A new line of research is forcing a rethink of those long-held beliefs. Autistic people overwhelmingly report that they want friends. And they have shown that they can and do form friendships with both neurotypical and autistic peers, even if their interactions sometimes look different from those among neurotypical people. This reframed view of friendship aims to acknowledge and encourage a better understanding of the social lives of autistic people. It recognizes the challenges autistic people face in creating close relationships, including difficulties in processing social information and dealing with conflict. “Nothing is impossible in terms of friendships for people with autism,” Lerner says, “but it does perhaps take a different route.”

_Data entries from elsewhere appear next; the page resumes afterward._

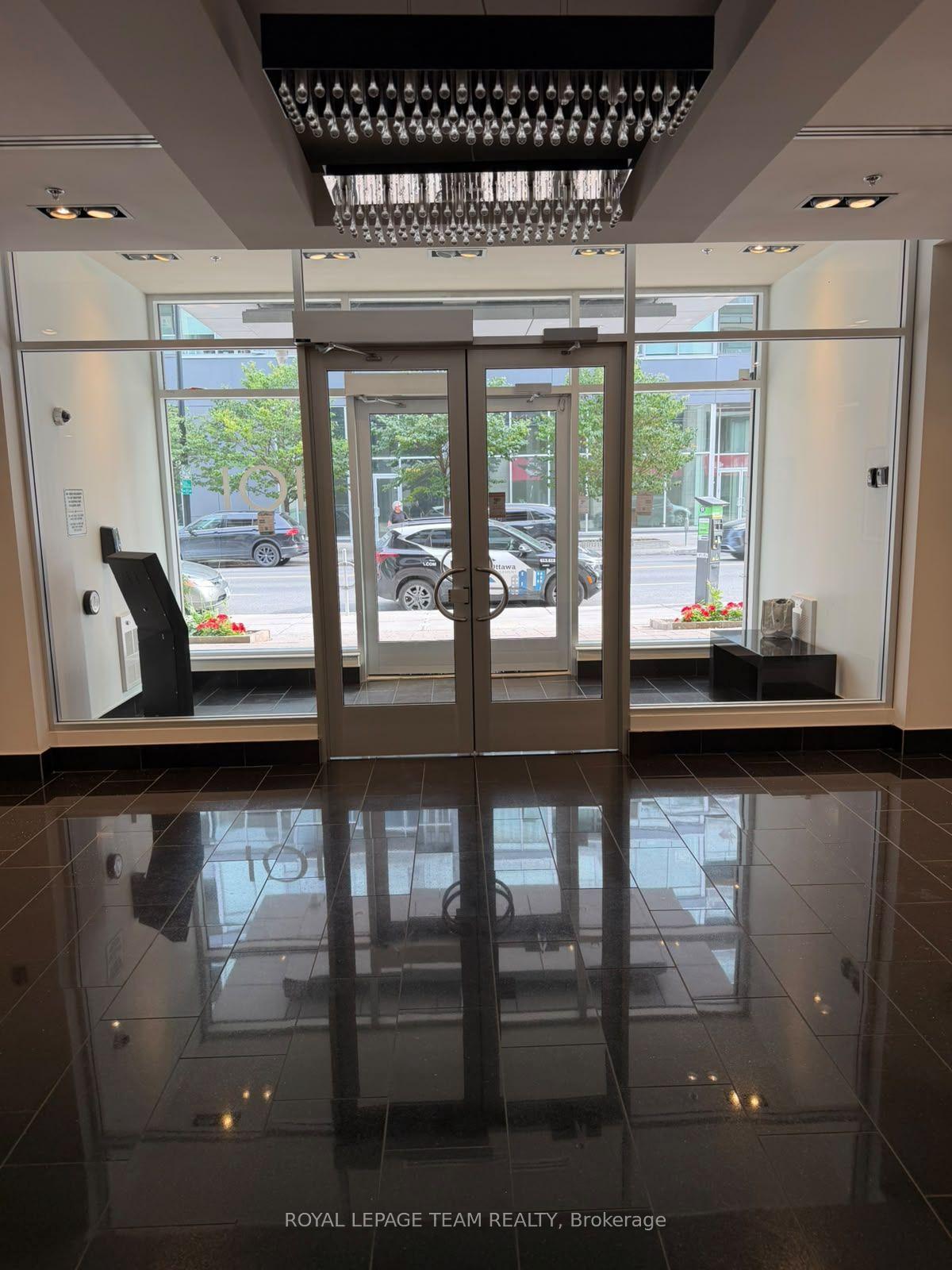 Photo 2 of Unit 215, 101 Richmond Road, Ottawa, Westboro South — HOMEH
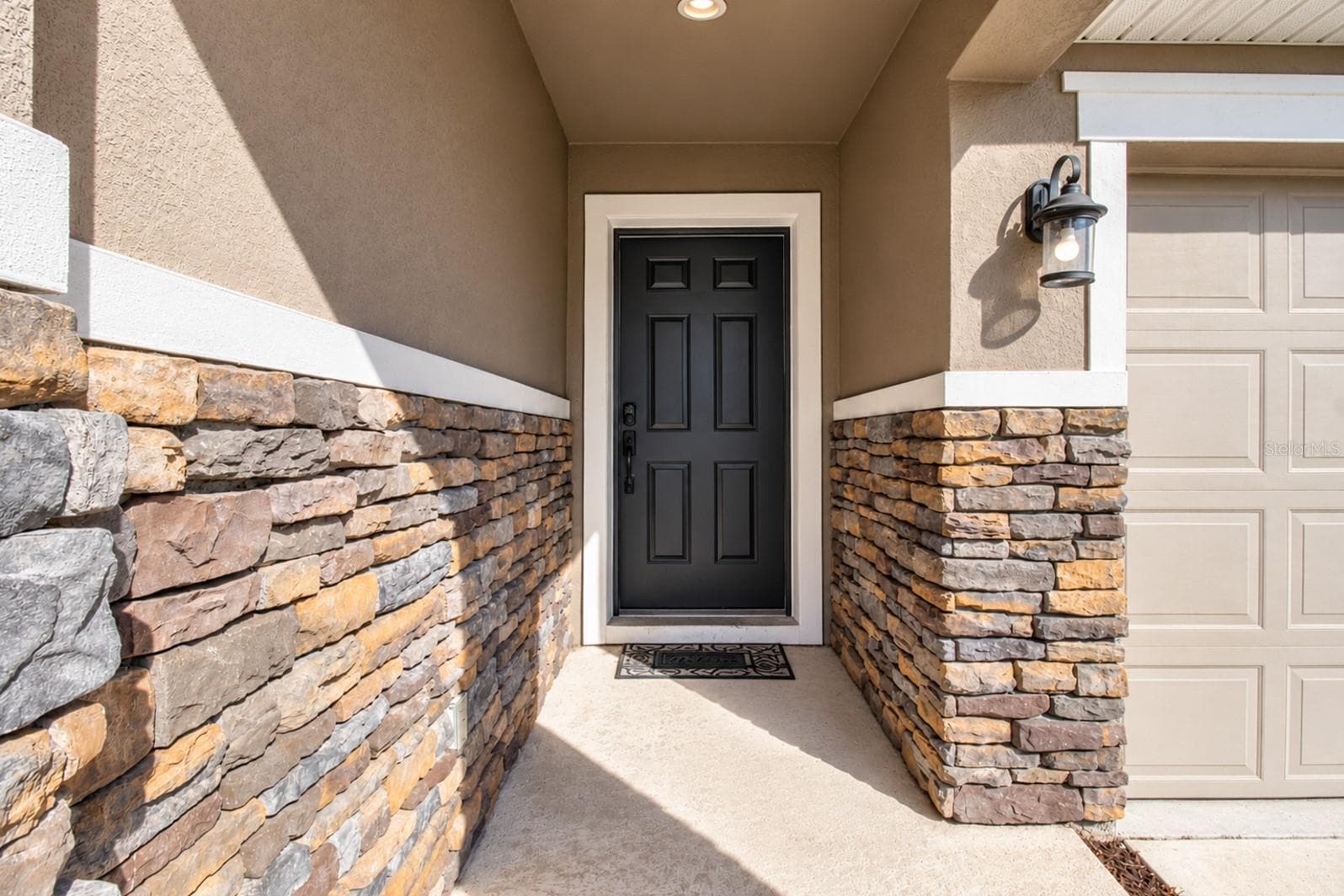 Exterior stone accents - 110 GLENEAGLE GRANDE DR, DAYTONA BEACH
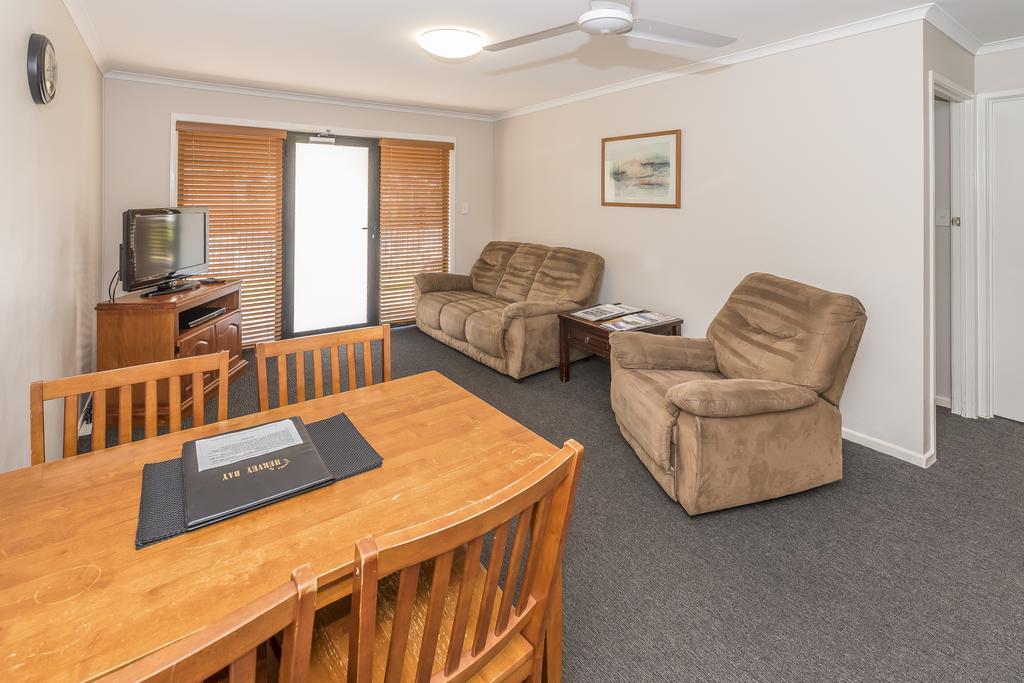 Hervey Bay Colonial Lodge Torquay ภายนอก รูปภาพ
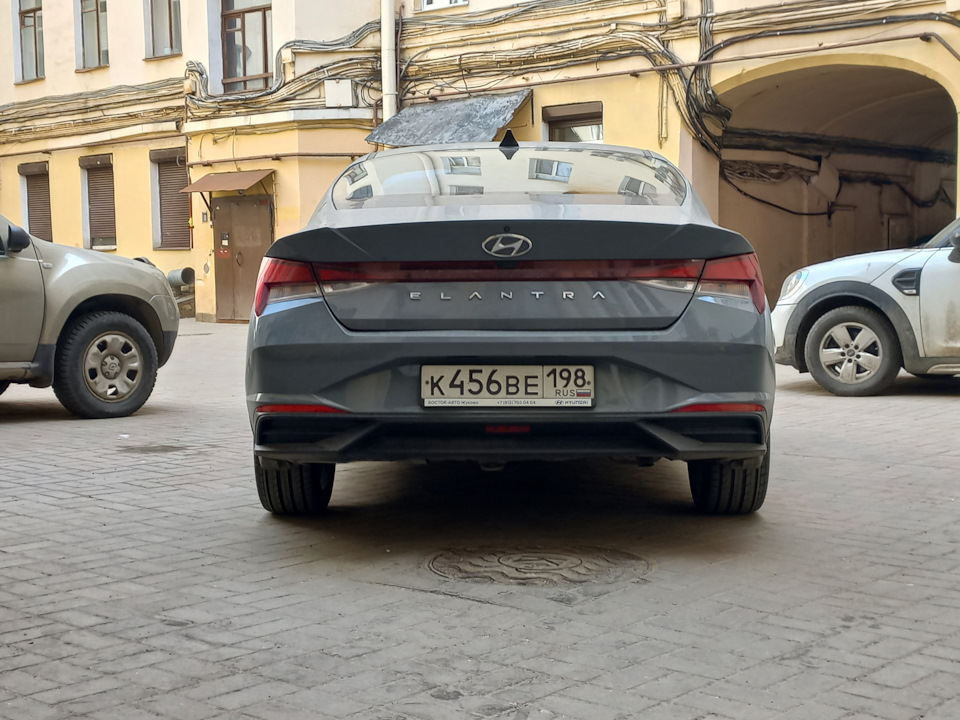 ширина колес увеличилась на 3см, шикарный вид на заднюю ось — Hyundai Elantra (7G)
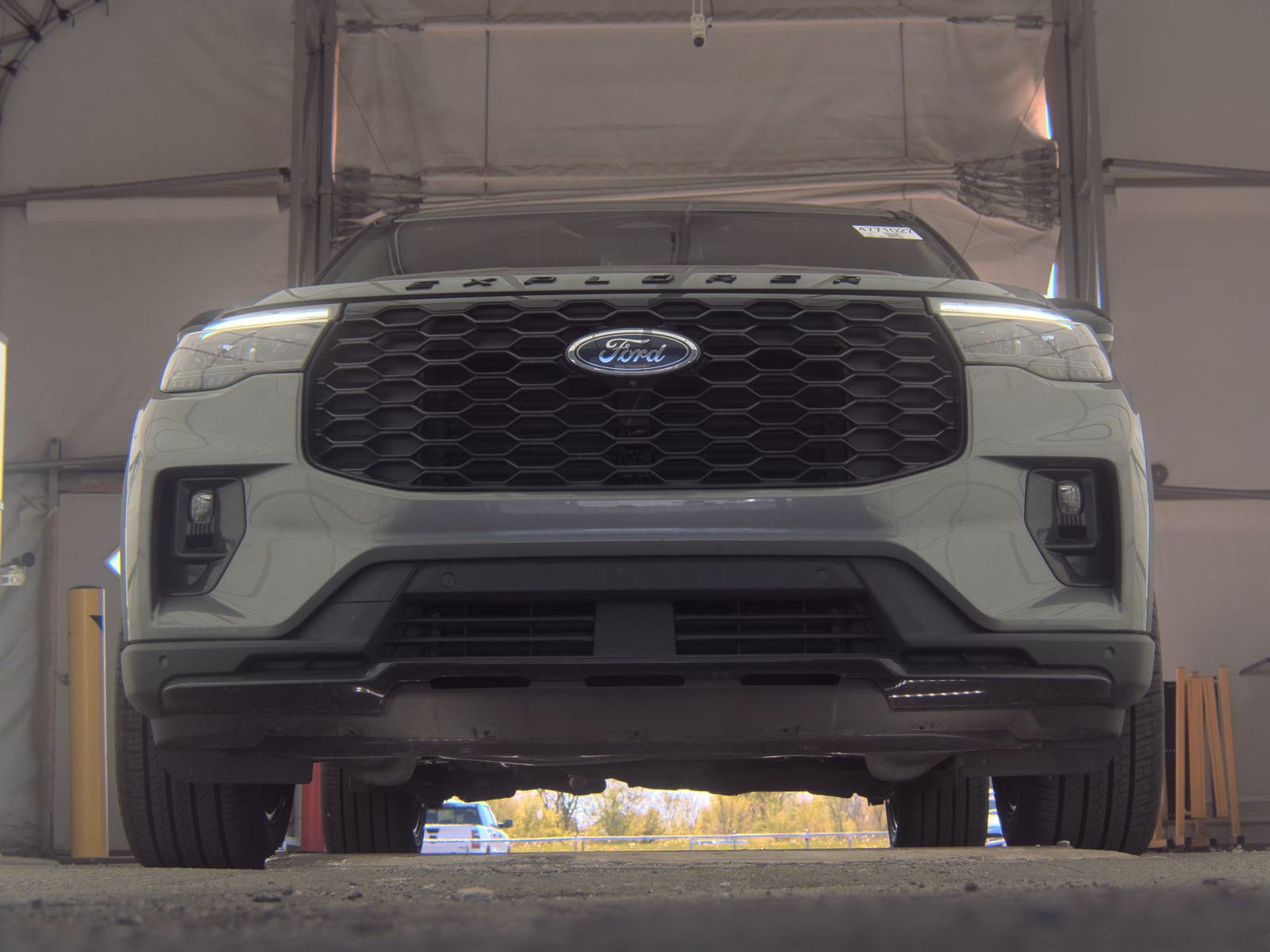 FORD EXPLORER - 4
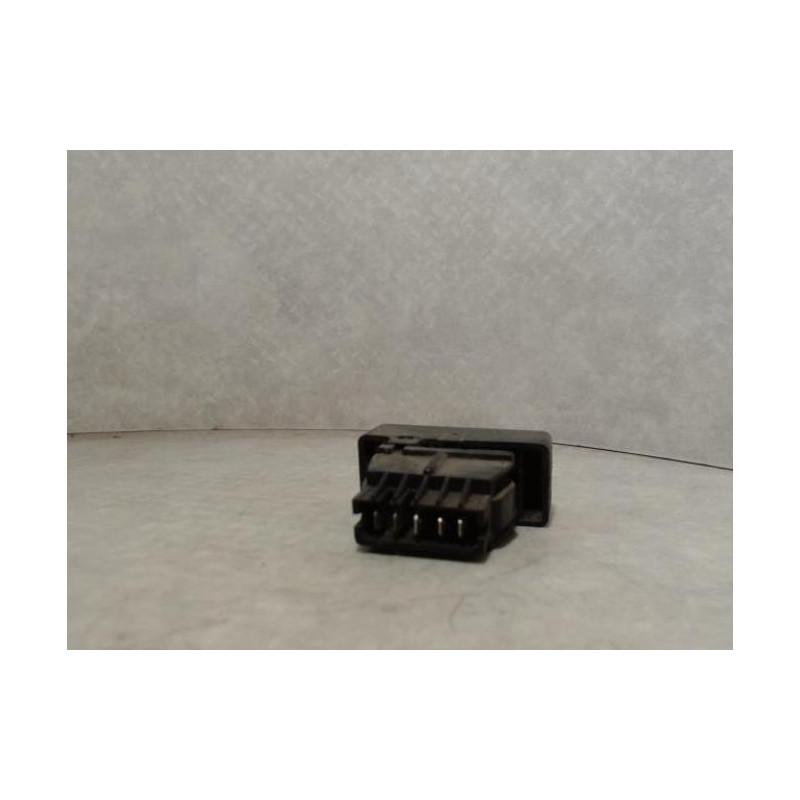 Bouton/Interrupteur RENAULT R19 PHASE 2 d’occasion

Social connection is a powerful predictor of long-term physical and mental health. Having meaningful friendships — or lacking them — has an impact on our cardiovascular and immune systems, stress responses, sleep and cognitive health. People with strong social connections survive longer, on average, than those with poor connections, according to a meta-analysis of more than 300,000 people. Loneliness, defined as a mismatch between desired and actual levels of social connection, is as great a risk factor for mortality as smoking, the analysis suggests. Autistic people may not look lonely, because they often separate themselves from others — but they can feel lonely.
In fact, autistic children tend to be lonelier than their neurotypical peers, according to a study published in 2000. And this loneliness may contribute significantly to the high incidence of depression and anxiety among autistic adults. Having more and better friendships may ease the loneliness, but there is a caveat: The friendships might be distinct from those among neurotypical people.
“The benefits probably come from autistic people finding and being supported to find the relationships that work for them,” says psychologist Felicity Sedgewick of the University of Bristol in the United Kingdom. “I don’t think putting a neurotypical standard of friendship as the standard that autistic people should be made to achieve would do anything positive at all and would probably be very negative.”